Does chondroitin trump an anti-inflammatory for arthritic knee pain?

A daily supplement of pharmaceutical grade chondroitin is as good as celecoxib (Celebrex) at relieving arthritic knee pain and doesn’t have dangerous side effects, researchers say.

Dr. Jean-Yves Reginster of Liege State University in Belgium and colleagues recruited 604 people over age 50 with knee osteoarthritis from five European countries and randomly assigned them to take 800 mg of the extra-pure chondroitin sulfate (Chondrosulf), 200 mg of celecoxib (Celebrex) or a placebo every day for six months.

Those who took chondroitin sulfate or celecoxib had similar levels of pain relief at the end of the study, and in both groups the improvement was greater than for those taking just a placebo, according to the report in Annals of the Rheumatic Diseases.

Reginster told Reuters Health the findings are in line with earlier studies showing pharmaceutical-grade chondroitin sulfate could significantly decrease the progression of knee osteoarthritis over a period of three years.

He stressed that pharmaceutical-grade chondroitin is not the same as over-the-counter supplements, which are made differently and can’t get into the joint in high enough concentrations to combat the causes of cartilage degradation and pain.

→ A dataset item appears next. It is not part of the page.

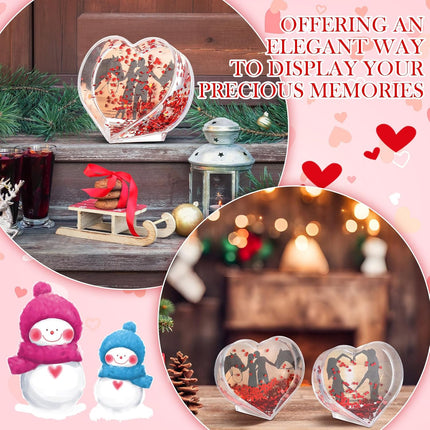 Christmas Glitter Photo Frame – Heart Acrylic Liquid Snow Globe 3.74x3.54"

European regulatory bodies recommend pharmaceutical-grade chondroitin sulfate as well as pharmaceutical-grade glucosamine sulfate as first-line treatments for osteoarthritis, Reginster said by email, because of the side effects associated with celecoxib and other non-steroidal inflammatory drugs (NSAIDs) including stomach ulcers, bleeding, liver and kidney problems.

Dr. Michael Shepard of Hoag Orthopedic Institute in Orange, California, noted that the study had a relatively low number of participants and that most U.S. studies of this type would run two years rather than six months.

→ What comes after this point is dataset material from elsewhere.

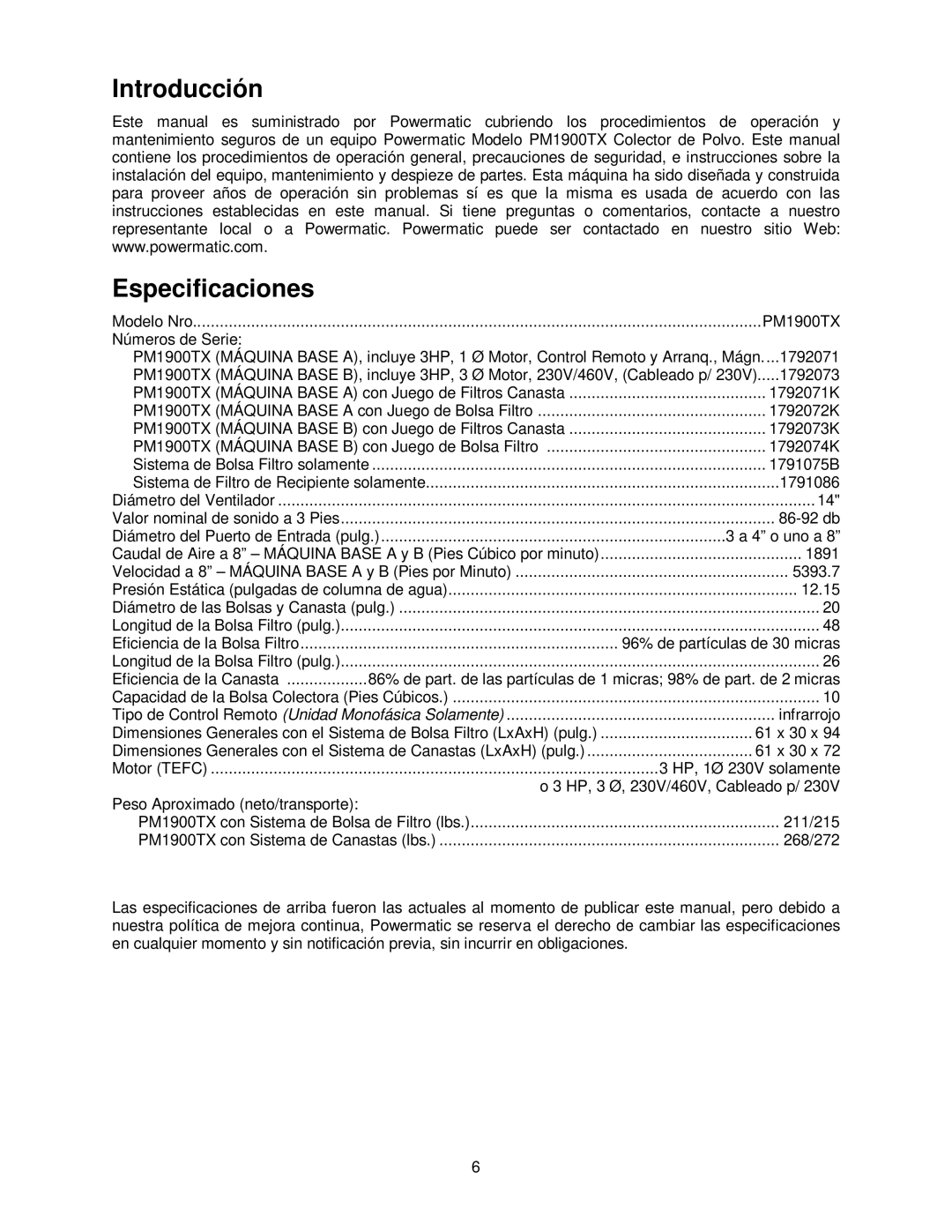 Powermatic PM1900TX manual Introducción Especificaciones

In addition, U.S.-based studies of chondroitin have had mixed results, said Shepard, who wasn’t involved in the study. Some have found the supplements to be as effective as ibuprofen (also an NSAID), and some have found that chondroitin sulfate is no more effective than placebo, he told Reuters Health.

“I tell my patients, ‘buyer beware,’” Shepard said in an email. “I tell them about the mixed results of chondroitin in the literature. I tell them to try chondroitin for one month as a trial and if they like it and feel better with it, then keep taking it.”

If chondroitin doesn’t work for them, he suggests taking an NSAID “periodically,” and to be aware of the side effects.

“If you are going to stay on an NSAID for a prolonged period then you need regular follow up with your doctor,” Shepard cautioned.

Dr. Rachel Wolfe of Wake Forest Baptist Medical Center in Winston-Salem, North Carolina, agreed that chondroitin is “reasonable to try” for some people, especially those with contraindications to NSAIDs.

“However, it should not replace other therapy such as quad strengthening exercises, and weight loss, which we know will provide benefit. It should be used in conjunction with these measures,” said Wolfe, who wasn’t involved in the study.

“Chondroitin is not a miracle pill, but if it allows people to feel less pain and be more active, thereby losing weight and strengthening muscles, then I think there may benefit,” Wolfe told Reuters Health by email. “Studies like this highlight that medicine is still an art - we do not have perfect answers, and we have to individualize for each patient.”

The study was sponsored by IBSA Institut Biochimique SA, a pharmaceutical company based in Lugano, Switzerland, that makes the chondroitin sulfate supplements used in the test.